Complaints must be submitted through the online complaint form found on the Access2Markets portal, here.
The latest economic forecast published by the European Commission, released this month, is characterised by great uncertainty in growth projections as a result of the resurgence of COVID-19. The EU economy is expected to contract by 7.4% in 2020, and then to grow by 4.1% in 2021 and by 3% in 2022, although growth figures will vary widely between countries as a result of differences in the spread of the virus, policy responses (including containment measures) and the sectoral composition of national economies. Unemployment is expected to rise from 6.7 % in 2019 to 7.7% this year, and on to 8.6% in 2021, before declining to 8% in 2022.
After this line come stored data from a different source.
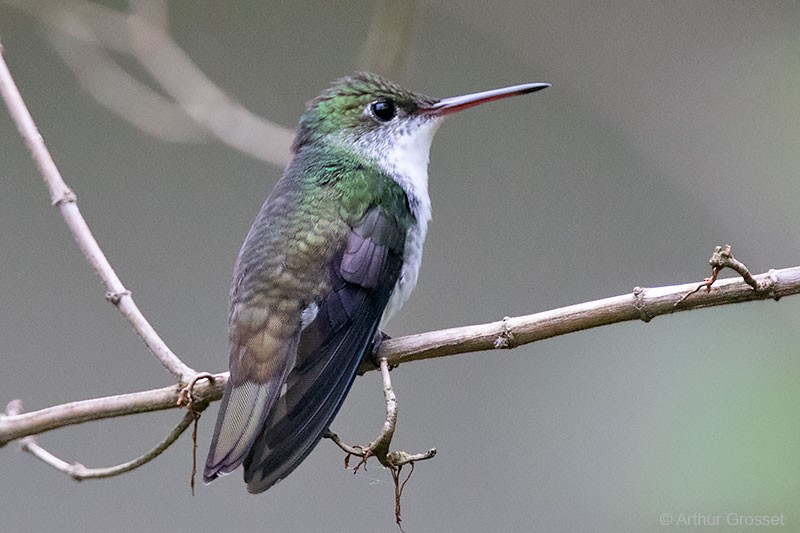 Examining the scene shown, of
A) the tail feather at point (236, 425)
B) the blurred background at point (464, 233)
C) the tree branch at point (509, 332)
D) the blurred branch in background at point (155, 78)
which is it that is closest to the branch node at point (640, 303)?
the tree branch at point (509, 332)

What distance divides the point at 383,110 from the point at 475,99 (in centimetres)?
31

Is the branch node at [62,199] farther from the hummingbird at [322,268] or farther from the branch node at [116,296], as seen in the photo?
the hummingbird at [322,268]

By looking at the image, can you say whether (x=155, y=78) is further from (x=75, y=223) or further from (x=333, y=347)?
(x=333, y=347)

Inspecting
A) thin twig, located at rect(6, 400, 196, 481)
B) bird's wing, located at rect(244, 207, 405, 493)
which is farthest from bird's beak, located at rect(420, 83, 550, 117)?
thin twig, located at rect(6, 400, 196, 481)

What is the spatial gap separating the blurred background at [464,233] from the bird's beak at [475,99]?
0.24 metres

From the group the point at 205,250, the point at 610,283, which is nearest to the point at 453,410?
the point at 610,283

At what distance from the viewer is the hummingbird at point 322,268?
2.43m

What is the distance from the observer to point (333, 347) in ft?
8.73

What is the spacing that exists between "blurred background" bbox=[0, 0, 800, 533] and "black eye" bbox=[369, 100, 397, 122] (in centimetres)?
19

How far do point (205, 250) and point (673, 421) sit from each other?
2.80 meters

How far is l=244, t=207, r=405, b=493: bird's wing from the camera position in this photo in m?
2.36

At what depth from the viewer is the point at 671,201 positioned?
5.13 meters

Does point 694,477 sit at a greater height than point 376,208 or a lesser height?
lesser

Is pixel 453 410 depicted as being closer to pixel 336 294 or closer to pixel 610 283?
pixel 610 283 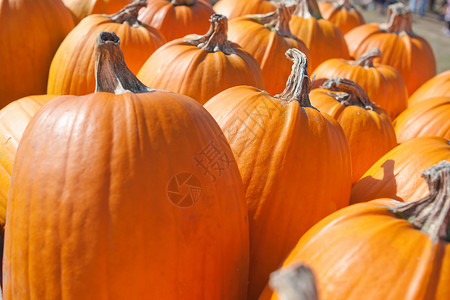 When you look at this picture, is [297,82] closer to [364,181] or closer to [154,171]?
[364,181]

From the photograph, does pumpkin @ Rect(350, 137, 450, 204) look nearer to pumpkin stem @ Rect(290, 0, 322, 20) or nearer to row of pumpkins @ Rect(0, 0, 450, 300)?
row of pumpkins @ Rect(0, 0, 450, 300)

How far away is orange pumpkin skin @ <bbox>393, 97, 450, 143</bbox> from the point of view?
90.8 inches

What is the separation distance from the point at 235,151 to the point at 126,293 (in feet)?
1.96

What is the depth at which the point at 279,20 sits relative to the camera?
2.62 m

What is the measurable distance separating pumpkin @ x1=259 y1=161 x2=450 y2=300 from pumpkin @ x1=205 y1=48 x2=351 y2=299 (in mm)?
316

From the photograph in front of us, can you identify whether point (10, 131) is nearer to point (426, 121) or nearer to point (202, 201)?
point (202, 201)

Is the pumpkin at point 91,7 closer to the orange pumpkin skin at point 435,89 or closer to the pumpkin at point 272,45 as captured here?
the pumpkin at point 272,45

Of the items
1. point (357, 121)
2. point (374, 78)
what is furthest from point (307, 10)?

The full economic forecast, including country-specific data, can be found here.
The main element of the EU’s Recovery Plan (NextGenerationEU) is the Recovery and Resilience Facility (€672.5 billion), which is made up of loans and grants that will be given to Member States to mitigate the pandemic’s impact and to help build more sustainable and resilient economies and societies. Member States are in the process of designing their draft recovery and resilience plans, which have to be submitted to the European Commission by April 2021 in order to obtain funds.
The €750 billion NextGenerationEU instrument together with the €1.074 trillion seven-year EU budget (for the period 2021-2027) amount to a total package of over €1.8 trillion. This was agreed by EU leaders last July. Although the European Parliament called for more money to be made available for programmes in areas like research and health, in November it agreed with the German rotating presidency of the Council of the EU on an extra €15 billion for these purposes, thus settling the final details of the recovery plan. The different parts of the package now have to be endorsed by the Parliament and the Member States.